• [Work required] Beginning with the line that includes "Baston Ortopédico Plegable" and ending with the last line, print the records exactly, leaving every picture out.

• [Data provided]
○ ○ ○ ○

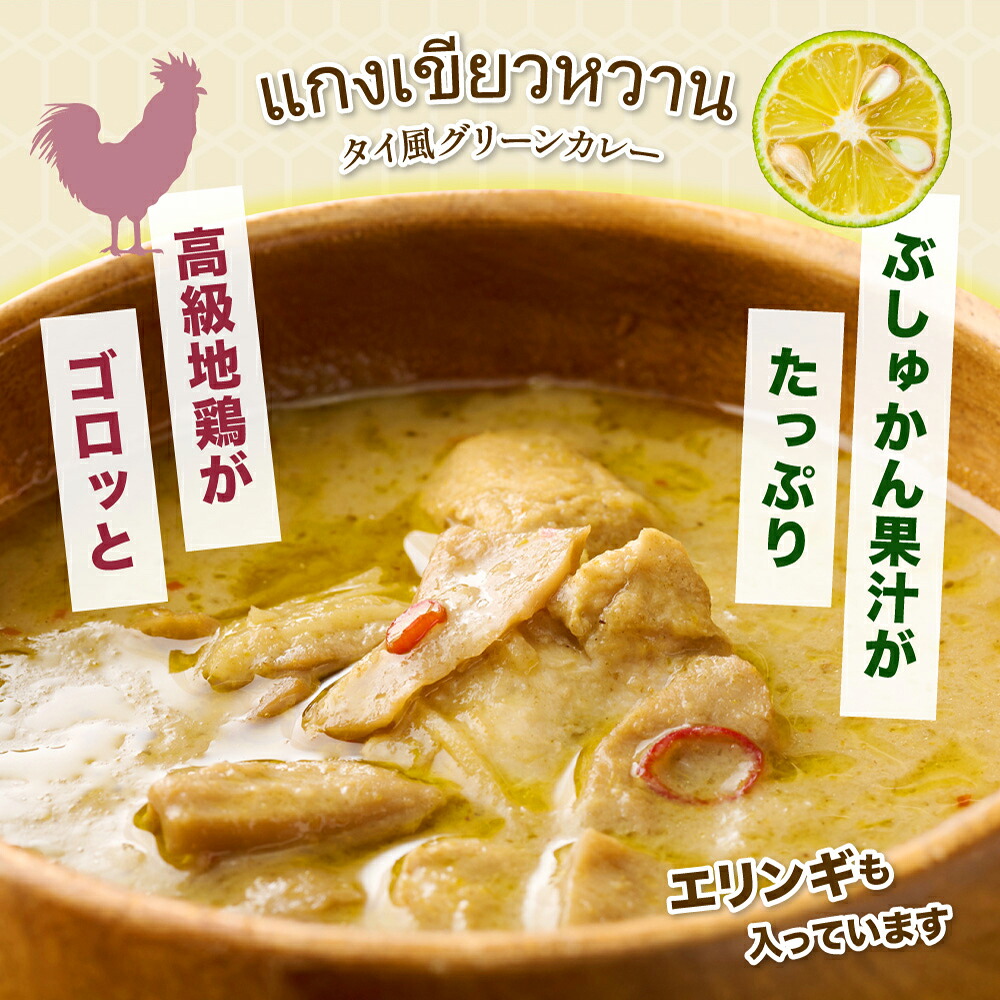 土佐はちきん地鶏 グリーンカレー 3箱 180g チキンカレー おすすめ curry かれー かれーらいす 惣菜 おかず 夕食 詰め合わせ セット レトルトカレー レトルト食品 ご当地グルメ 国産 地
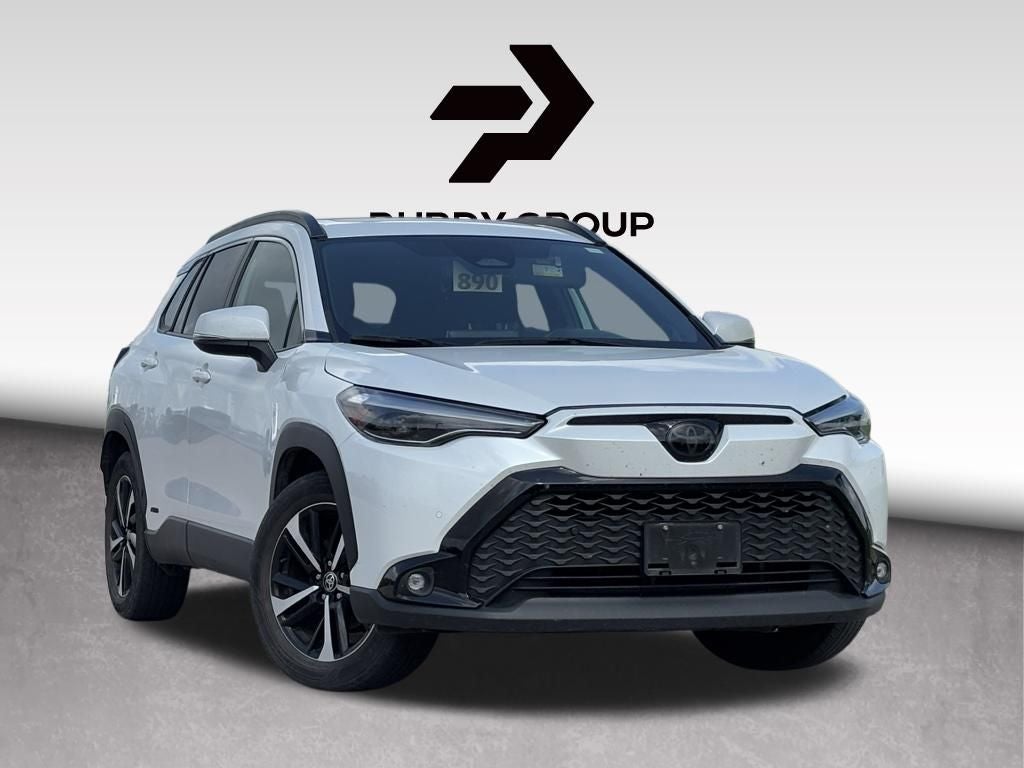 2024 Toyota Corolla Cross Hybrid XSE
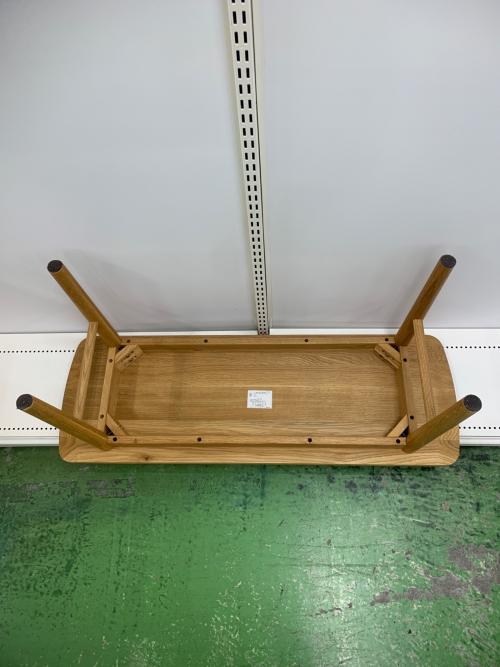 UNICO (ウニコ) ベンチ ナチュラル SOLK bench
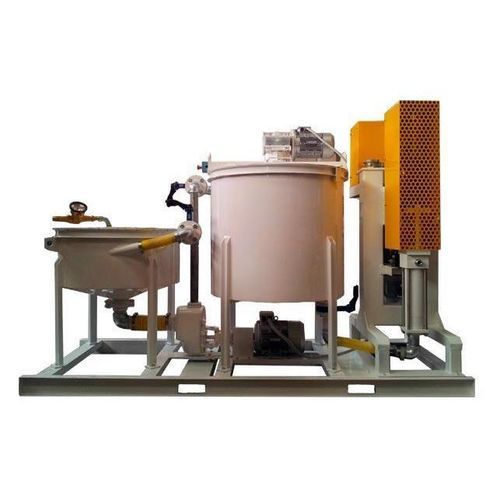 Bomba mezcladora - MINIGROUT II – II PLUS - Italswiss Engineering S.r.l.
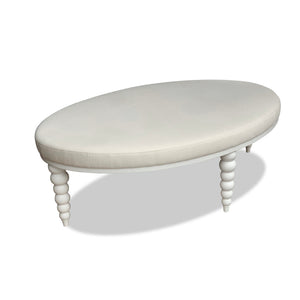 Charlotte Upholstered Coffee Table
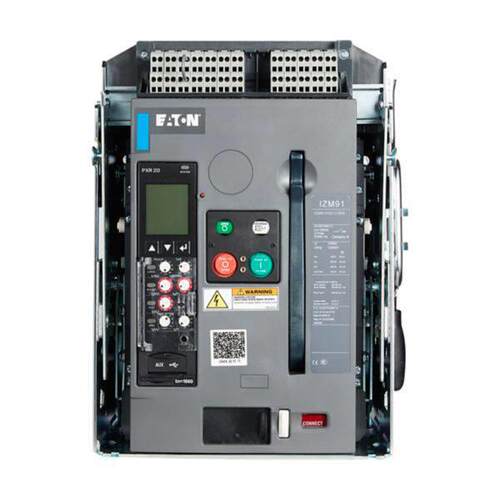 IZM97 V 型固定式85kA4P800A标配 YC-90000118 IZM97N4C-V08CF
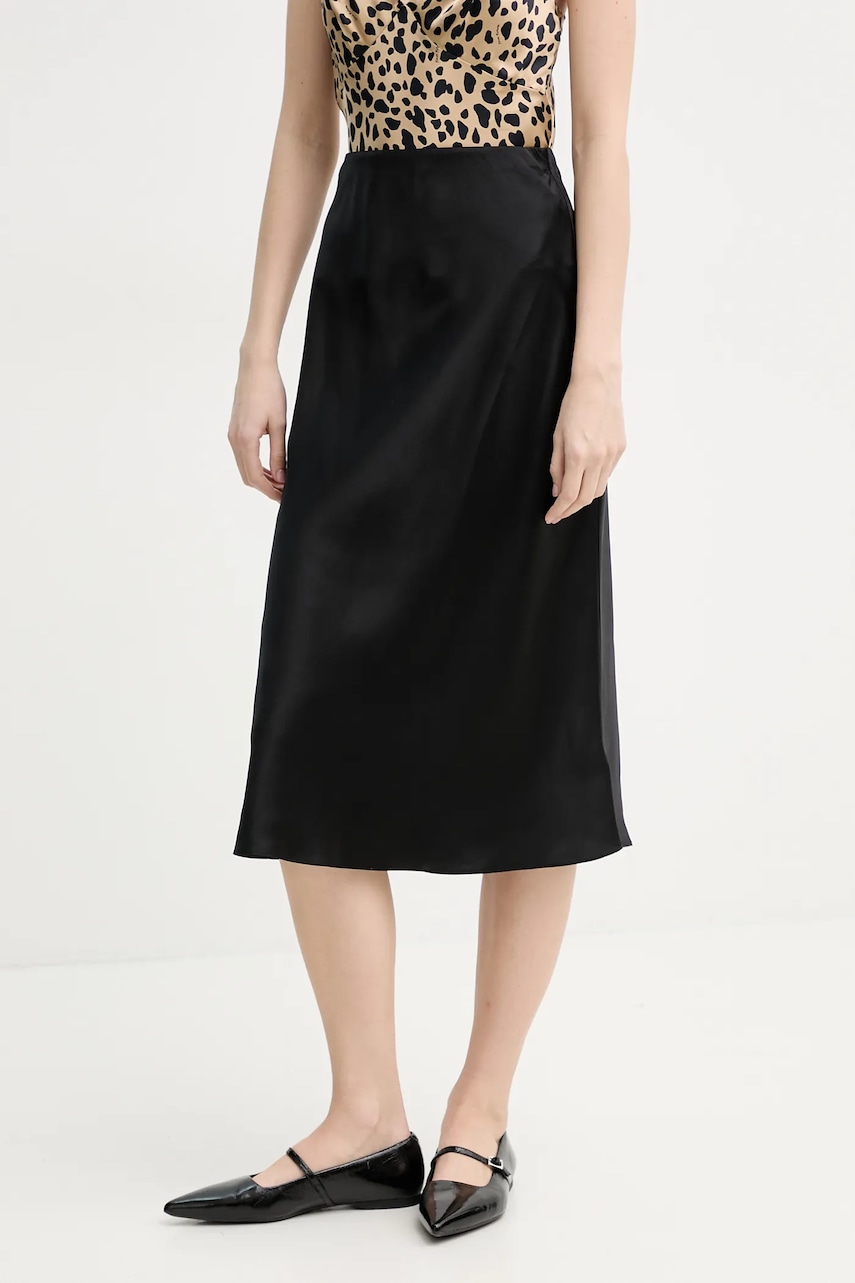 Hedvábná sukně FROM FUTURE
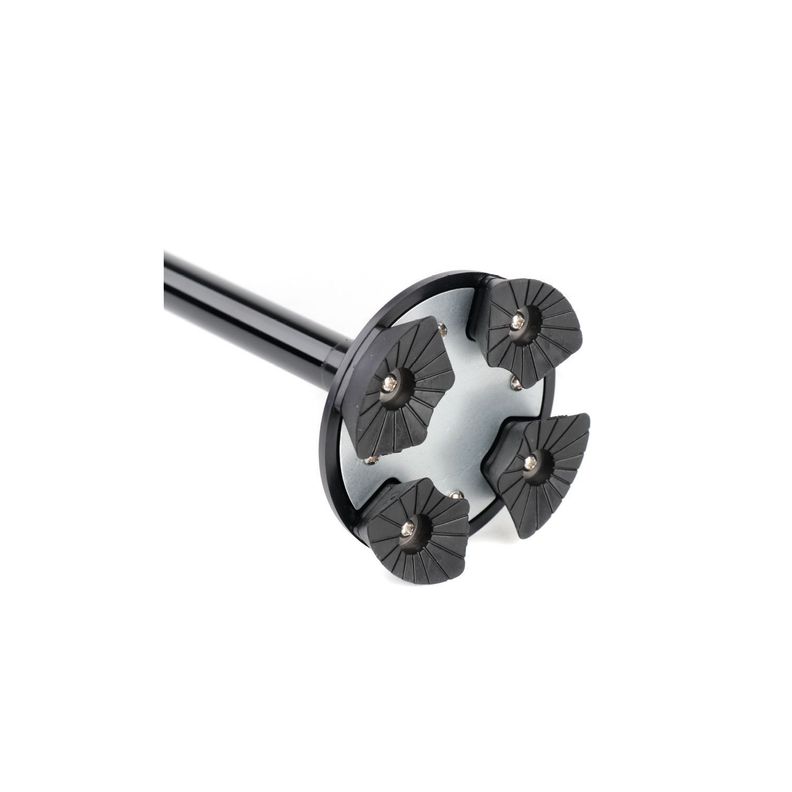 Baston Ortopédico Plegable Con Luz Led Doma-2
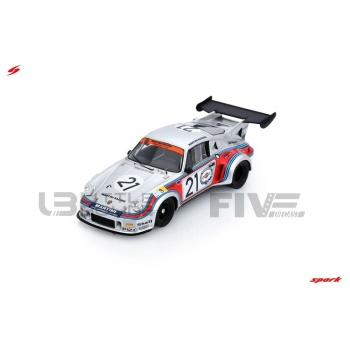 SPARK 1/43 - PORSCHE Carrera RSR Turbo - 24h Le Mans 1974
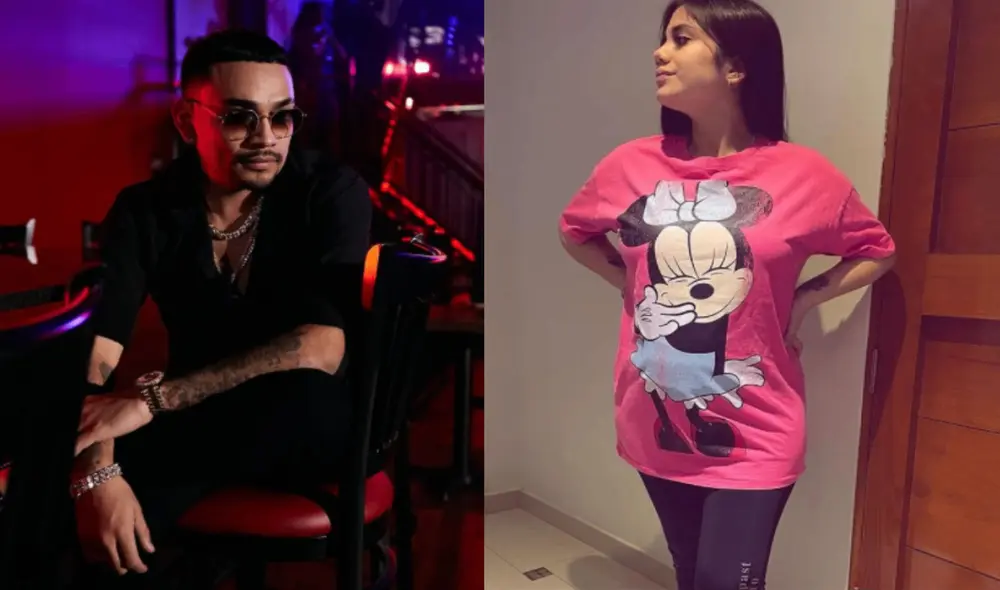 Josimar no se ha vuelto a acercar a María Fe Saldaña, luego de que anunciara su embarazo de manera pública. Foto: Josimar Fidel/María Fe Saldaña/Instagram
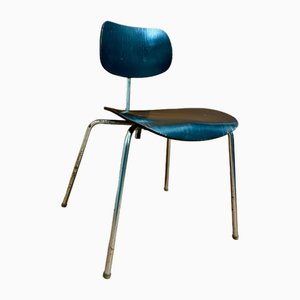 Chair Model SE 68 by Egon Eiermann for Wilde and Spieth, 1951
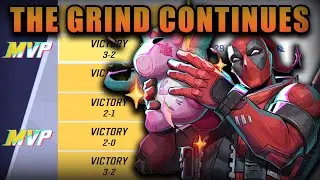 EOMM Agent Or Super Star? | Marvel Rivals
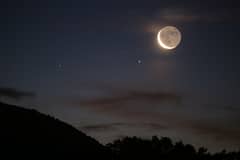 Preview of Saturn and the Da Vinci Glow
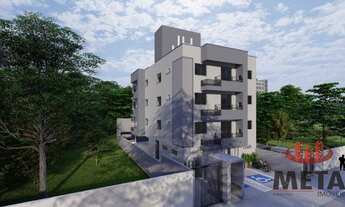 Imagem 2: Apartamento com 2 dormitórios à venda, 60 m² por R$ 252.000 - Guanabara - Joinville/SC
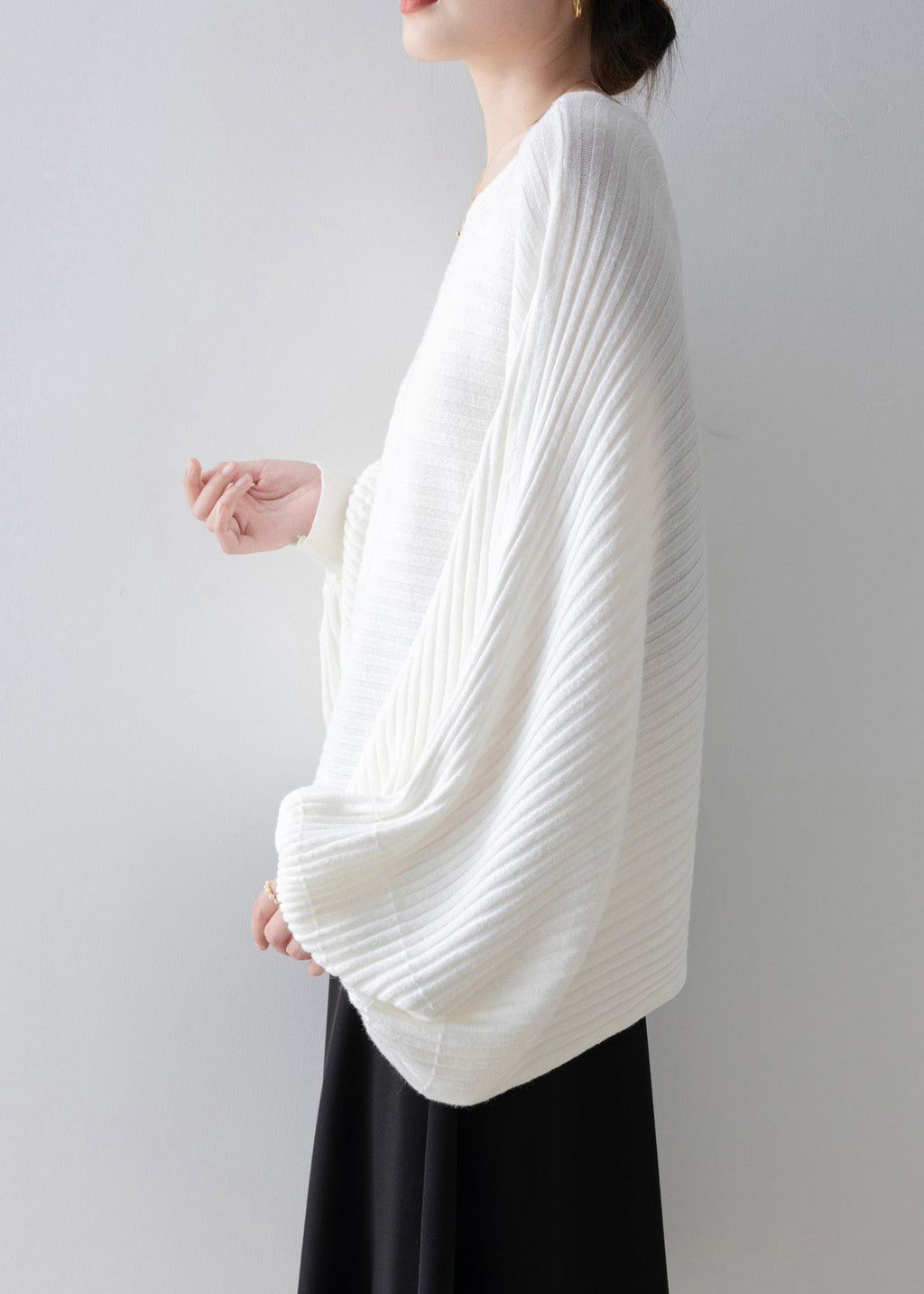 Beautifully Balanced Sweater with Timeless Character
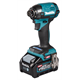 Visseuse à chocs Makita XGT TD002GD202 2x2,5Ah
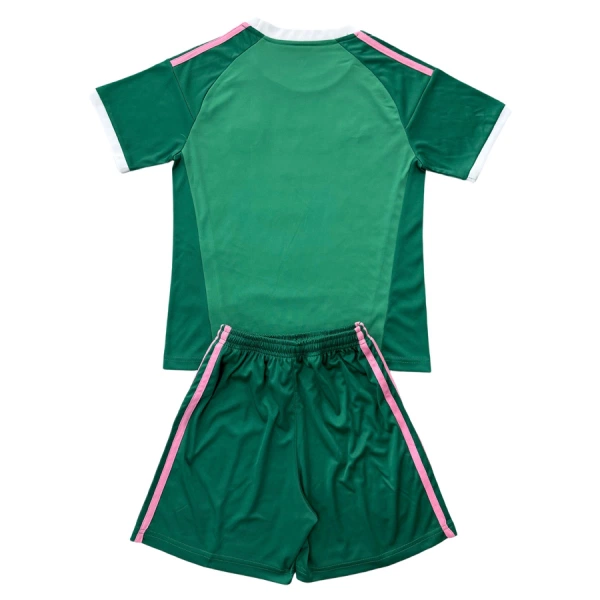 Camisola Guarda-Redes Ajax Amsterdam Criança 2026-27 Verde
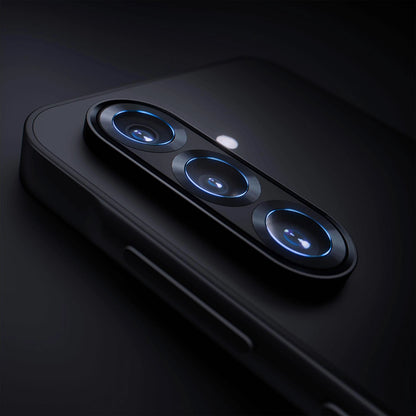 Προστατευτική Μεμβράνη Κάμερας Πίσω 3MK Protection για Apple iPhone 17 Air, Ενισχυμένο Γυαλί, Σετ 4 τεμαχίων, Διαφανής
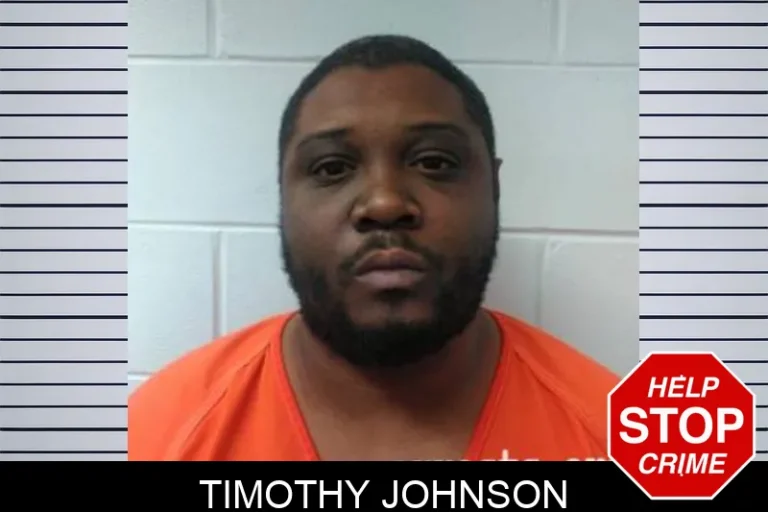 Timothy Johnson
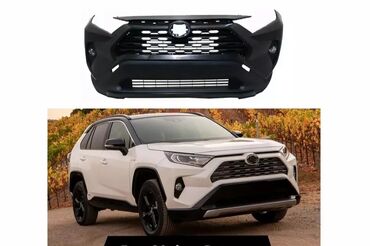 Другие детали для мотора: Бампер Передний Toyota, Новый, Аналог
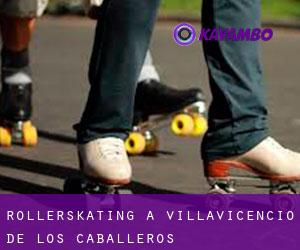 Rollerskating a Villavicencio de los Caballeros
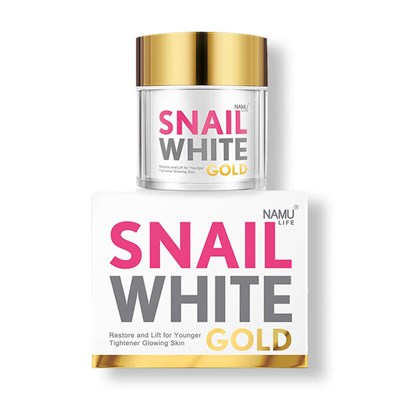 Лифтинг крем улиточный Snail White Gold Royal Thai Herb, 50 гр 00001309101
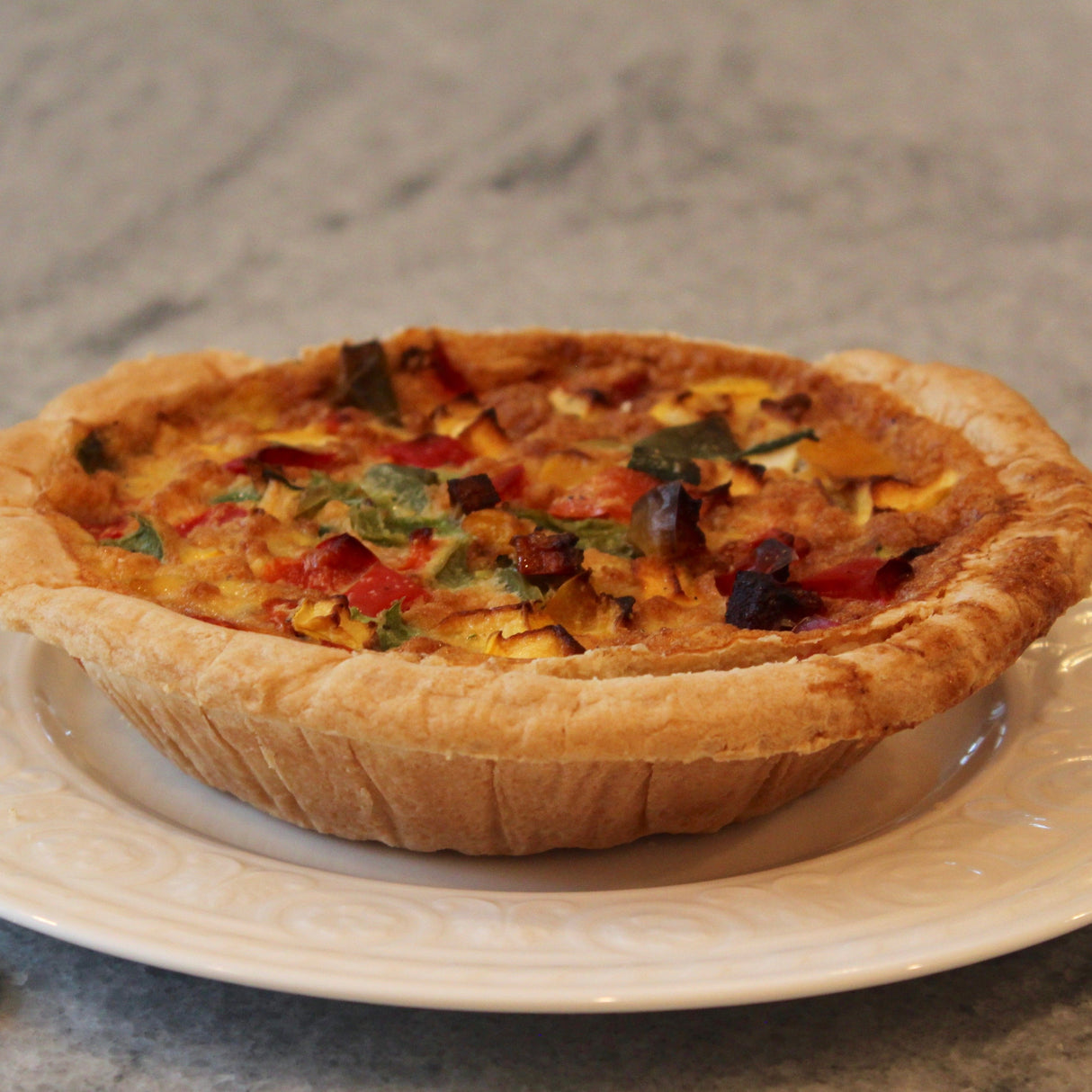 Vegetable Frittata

○ ○ ○ ○

• [Output]
 Baston Ortopédico Plegable Con Luz Led Doma-2
 SPARK 1/43 - PORSCHE Carrera RSR Turbo - 24h Le Mans 1974
 Josimar no se ha vuelto a acercar a María Fe Saldaña, luego de que anunciara su embarazo de manera pública. Foto: Josimar Fidel/María Fe Saldaña/Instagram
 Chair Model SE 68 by Egon Eiermann for Wilde and Spieth, 1951
 EOMM Agent Or Super Star? | Marvel Rivals
 Preview of Saturn and the Da Vinci Glow
 Imagem 2: Apartamento com 2 dormitórios à venda, 60 m² por R$ 252.000 - Guanabara - Joinville/SC
 Beautifully Balanced Sweater with Timeless Character
 Visseuse à chocs Makita XGT TD002GD202 2x2,5Ah
 Camisola Guarda-Redes Ajax Amsterdam Criança 2026-27 Verde
 Προστατευτική Μεμβράνη Κάμερας Πίσω 3MK Protection για Apple iPhone 17 Air, Ενισχυμένο Γυαλί, Σετ 4 τεμαχίων, Διαφανής
 Timothy Johnson
 Другие детали для мотора: Бампер Передний Toyota, Новый, Аналог
 Rollerskating a Villavicencio de los Caballeros
 Лифтинг крем улиточный Snail White Gold Royal Thai Herb, 50 гр 00001309101
 Vegetable Frittata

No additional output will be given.